I dziś kolejna smaczna propozycja prosto z Farmy dla zabieganych, dla tych co chcą spróbować nowych smaków, dla wszystkich chcących wypocząć i oczywiście dla każdego, kto dba o zdrowie. Mus buraczano-orzechowy. Co to? Z czym to jeść? Dlaczego warto?
Mus buraczano-orzechowy to kombinacja buraków i orzechów włoskich, z dodatkiem oliwy z oliwek, soli himalajskiej i pieprzu. Bez żadnych dodatków, aromatów, konserwantów. Samo zdrowie zakryte w słoiczku.
Właściwości odżywcze i zdrowotne
Głównym składnikiem musu są buraki (sprawdź dlaczego są one tak zdrowe! – kliknij TU). To one właśnie wspierają pracę serca czy poprawiają krążenie. Do tego wspomagają oczyszczanie krwi, ale nie tylko krwi! Wraz z kapustą, czosnkiem czy marchewką wykazuje działania przeciw pasożytom!
Zaraz obok buraków znajdziemy orzechy włoskie. Dzięki wysokiej zawartości kwasów tłuszczowych omega-3 mają właściwości łagodzące ból i stany zapalne. Polecane są także osobą z problemami ze strony układu oddechowego, bowiem przynoszą ulgę podczas kaszlu i świszczącego astmatycznego oddechu. Witaminy z grupy B wspierają natomiast układ nerwowy.
Więcej o orzechach przeczytasz TU (klik) i TU (klik)!

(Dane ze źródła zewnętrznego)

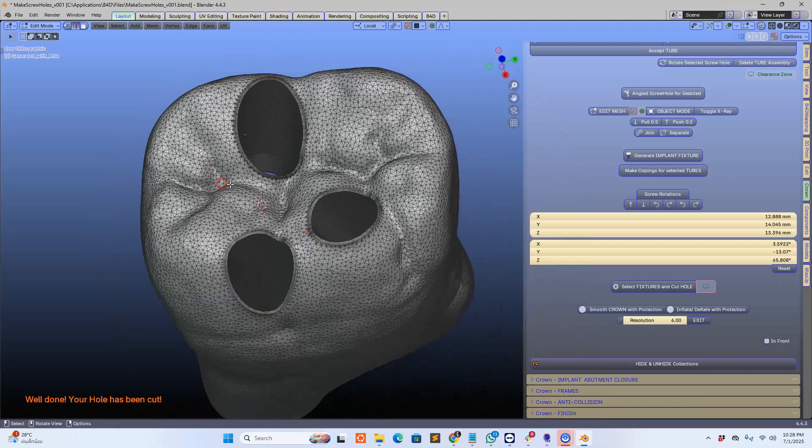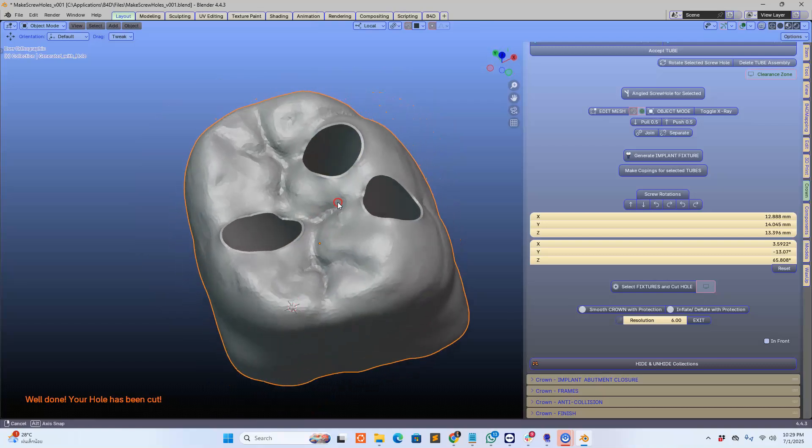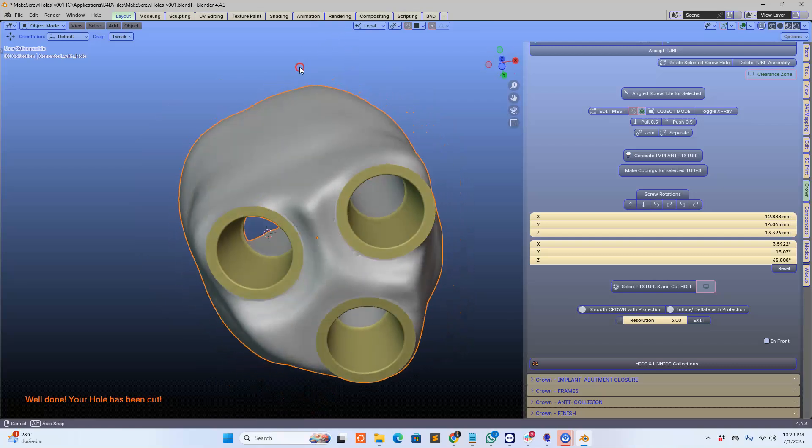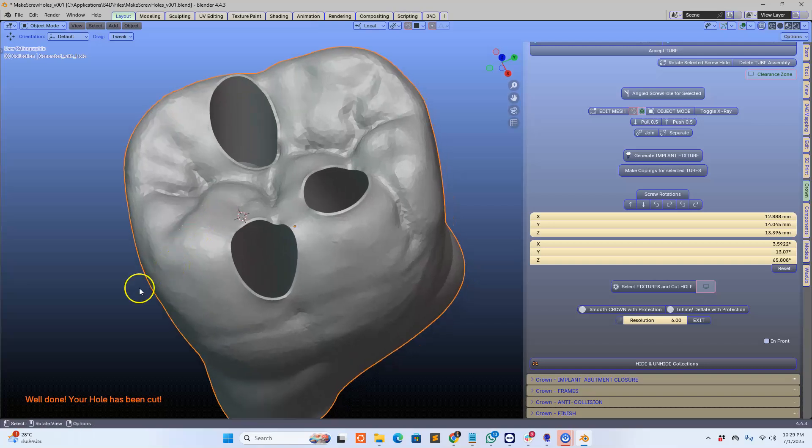Hope you guys like this video. I'll post a few more videos as we go. It shows you and demonstrates the power of B4D in dentistry. Cheers, thank you.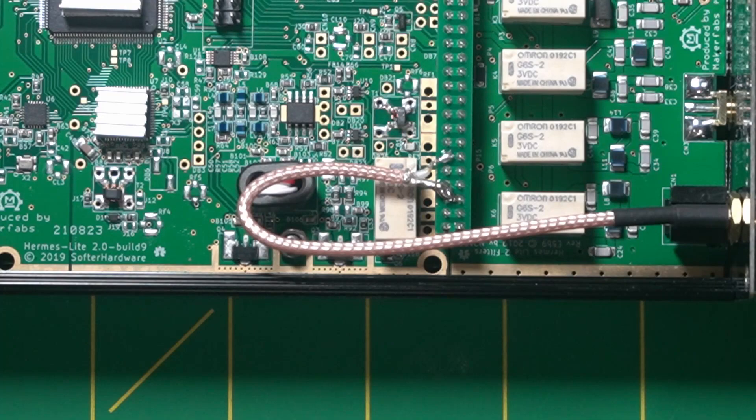And where this connects is here — this is the filter board, and this is the main radio, and this is the pin connector. This puts the two boards together, and that's where you connect it right there.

100 g naszego musu to niespełna 190 kcal. Kaloryczność podnoszą orzechy i oliwa, ale nie ma się co martwić, są to zdrowe tłuszcze. Buraki same w sobie są słodkie, dlatego też obecność cukrów w musie jest znacząca, choć to cukry naturalnie występujące w warzywach, czyli zupełnie inna bajka, niż ktoś chciałby wsypać łyżeczkę białego cukru do słoika! Mamy nadzieję, że pamiętacie, iż burak (tak jak marchew czy dynia) to warzywa zmniejszające łaknienie na słodycze! Dzięki znacznej zawartości błonnika, spożywając mus, zadbamy także o prawidłową perystaltykę jelit!
Do czego dodać mus?
Mus buraczano-orzechowy sprawdzi się jako super przekąska imprezowa – smaczny dip do krakersów czy opiekanego pieczywa. W połączeniu z serem pleśniowym i rukolą (poznaj właściwości rukoli – klik) stworzy fajną sałatkę, choć w takiej konfiguracji można zjeść go na kanapce. A gdy dodamy więcej różnych sałat, pestki słonecznika, zielone oliwki i… seler naciowy, to uzyskamy niebiański farsz do naleśników czy tortilli. A gdy go tylko troszkę podgrzejemy, w chłodne letnie dni (ale i w zimowe) dobrze sprawdzi się jako rozgrzewający dodatek do obiadu. Na zimno może zastąpić surówkę.